Task prompt:
The reply should contain each record below, returned exactly as given.
*** Data in this exercise Section Begins ***
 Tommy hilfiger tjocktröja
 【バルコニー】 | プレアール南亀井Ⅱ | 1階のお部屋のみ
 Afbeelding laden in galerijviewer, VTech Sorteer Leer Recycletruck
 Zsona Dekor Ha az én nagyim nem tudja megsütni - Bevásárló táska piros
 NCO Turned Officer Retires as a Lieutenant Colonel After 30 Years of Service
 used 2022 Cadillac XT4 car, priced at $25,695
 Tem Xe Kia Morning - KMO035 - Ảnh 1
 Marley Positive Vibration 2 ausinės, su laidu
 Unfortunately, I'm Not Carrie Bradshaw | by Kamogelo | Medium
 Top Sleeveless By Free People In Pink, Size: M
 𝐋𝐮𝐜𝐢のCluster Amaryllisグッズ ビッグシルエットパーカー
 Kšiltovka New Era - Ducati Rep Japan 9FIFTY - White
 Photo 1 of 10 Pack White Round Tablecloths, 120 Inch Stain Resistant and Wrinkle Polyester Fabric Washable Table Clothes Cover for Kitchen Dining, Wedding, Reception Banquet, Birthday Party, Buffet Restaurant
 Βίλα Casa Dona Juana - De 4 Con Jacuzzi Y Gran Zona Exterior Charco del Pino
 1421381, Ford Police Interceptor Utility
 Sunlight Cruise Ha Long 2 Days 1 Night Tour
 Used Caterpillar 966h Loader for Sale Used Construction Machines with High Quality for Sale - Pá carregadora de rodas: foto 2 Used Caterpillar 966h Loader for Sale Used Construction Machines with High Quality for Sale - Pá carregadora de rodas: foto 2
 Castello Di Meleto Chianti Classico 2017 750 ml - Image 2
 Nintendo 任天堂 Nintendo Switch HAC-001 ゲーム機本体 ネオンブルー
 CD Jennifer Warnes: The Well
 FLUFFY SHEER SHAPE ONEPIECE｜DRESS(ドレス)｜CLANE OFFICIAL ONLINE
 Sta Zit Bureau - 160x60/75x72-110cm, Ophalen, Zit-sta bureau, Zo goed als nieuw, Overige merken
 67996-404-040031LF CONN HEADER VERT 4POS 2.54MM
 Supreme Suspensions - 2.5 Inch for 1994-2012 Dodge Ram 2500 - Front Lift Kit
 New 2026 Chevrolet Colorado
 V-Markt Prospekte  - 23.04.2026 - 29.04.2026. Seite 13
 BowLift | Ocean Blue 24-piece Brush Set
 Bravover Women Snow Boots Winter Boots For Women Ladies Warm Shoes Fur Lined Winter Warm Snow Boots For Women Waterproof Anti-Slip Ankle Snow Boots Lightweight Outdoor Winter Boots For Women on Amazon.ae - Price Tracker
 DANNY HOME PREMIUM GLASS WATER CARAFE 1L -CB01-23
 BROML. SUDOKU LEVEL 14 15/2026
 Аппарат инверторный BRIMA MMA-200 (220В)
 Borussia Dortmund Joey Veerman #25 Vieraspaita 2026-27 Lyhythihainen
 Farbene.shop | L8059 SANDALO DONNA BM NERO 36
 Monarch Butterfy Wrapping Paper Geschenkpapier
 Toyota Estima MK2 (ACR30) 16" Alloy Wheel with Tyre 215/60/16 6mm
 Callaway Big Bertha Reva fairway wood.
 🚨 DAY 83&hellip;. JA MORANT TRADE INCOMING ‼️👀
*** Data in this exercise Section Ends ***
Your response:
 Tommy hilfiger tjocktröja
 【バルコニー】 | プレアール南亀井Ⅱ | 1階のお部屋のみ
 Afbeelding laden in galerijviewer, VTech Sorteer Leer Recycletruck
 Zsona Dekor Ha az én nagyim nem tudja megsütni - Bevásárló táska piros
 NCO Turned Officer Retires as a Lieutenant Colonel After 30 Years of Service
 used 2022 Cadillac XT4 car, priced at $25,695
 Tem Xe Kia Morning - KMO035 - Ảnh 1
 Marley Positive Vibration 2 ausinės, su laidu
 Unfortunately, I'm Not Carrie Bradshaw | by Kamogelo | Medium
 Top Sleeveless By Free People In Pink, Size: M
 𝐋𝐮𝐜𝐢のCluster Amaryllisグッズ ビッグシルエットパーカー
 Kšiltovka New Era - Ducati Rep Japan 9FIFTY - White
 Photo 1 of 10 Pack White Round Tablecloths, 120 Inch Stain Resistant and Wrinkle Polyester Fabric Washable Table Clothes Cover for Kitchen Dining, Wedding, Reception Banquet, Birthday Party, Buffet Restaurant
 Βίλα Casa Dona Juana - De 4 Con Jacuzzi Y Gran Zona Exterior Charco del Pino
 1421381, Ford Police Interceptor Utility
 Sunlight Cruise Ha Long 2 Days 1 Night Tour
 Used Caterpillar 966h Loader for Sale Used Construction Machines with High Quality for Sale - Pá carregadora de rodas: foto 2 Used Caterpillar 966h Loader for Sale Used Construction Machines with High Quality for Sale - Pá carregadora de rodas: foto 2
 Castello Di Meleto Chianti Classico 2017 750 ml - Image 2
 Nintendo 任天堂 Nintendo Switch HAC-001 ゲーム機本体 ネオンブルー
 CD Jennifer Warnes: The Well
 FLUFFY SHEER SHAPE ONEPIECE｜DRESS(ドレス)｜CLANE OFFICIAL ONLINE
 Sta Zit Bureau - 160x60/75x72-110cm, Ophalen, Zit-sta bureau, Zo goed als nieuw, Overige merken
 67996-404-040031LF CONN HEADER VERT 4POS 2.54MM
 Supreme Suspensions - 2.5 Inch for 1994-2012 Dodge Ram 2500 - Front Lift Kit
 New 2026 Chevrolet Colorado
 V-Markt Prospekte  - 23.04.2026 - 29.04.2026. Seite 13
 BowLift | Ocean Blue 24-piece Brush Set
 Bravover Women Snow Boots Winter Boots For Women Ladies Warm Shoes Fur Lined Winter Warm Snow Boots For Women Waterproof Anti-Slip Ankle Snow Boots Lightweight Outdoor Winter Boots For Women on Amazon.ae - Price Tracker
 DANNY HOME PREMIUM GLASS WATER CARAFE 1L -CB01-23
 BROML. SUDOKU LEVEL 14 15/2026
 Аппарат инверторный BRIMA MMA-200 (220В)
 Borussia Dortmund Joey Veerman #25 Vieraspaita 2026-27 Lyhythihainen
 Farbene.shop | L8059 SANDALO DONNA BM NERO 36
 Monarch Butterfy Wrapping Paper Geschenkpapier
 Toyota Estima MK2 (ACR30) 16" Alloy Wheel with Tyre 215/60/16 6mm
 Callaway Big Bertha Reva fairway wood.
 🚨 DAY 83&hellip;. JA MORANT TRADE INCOMING ‼️👀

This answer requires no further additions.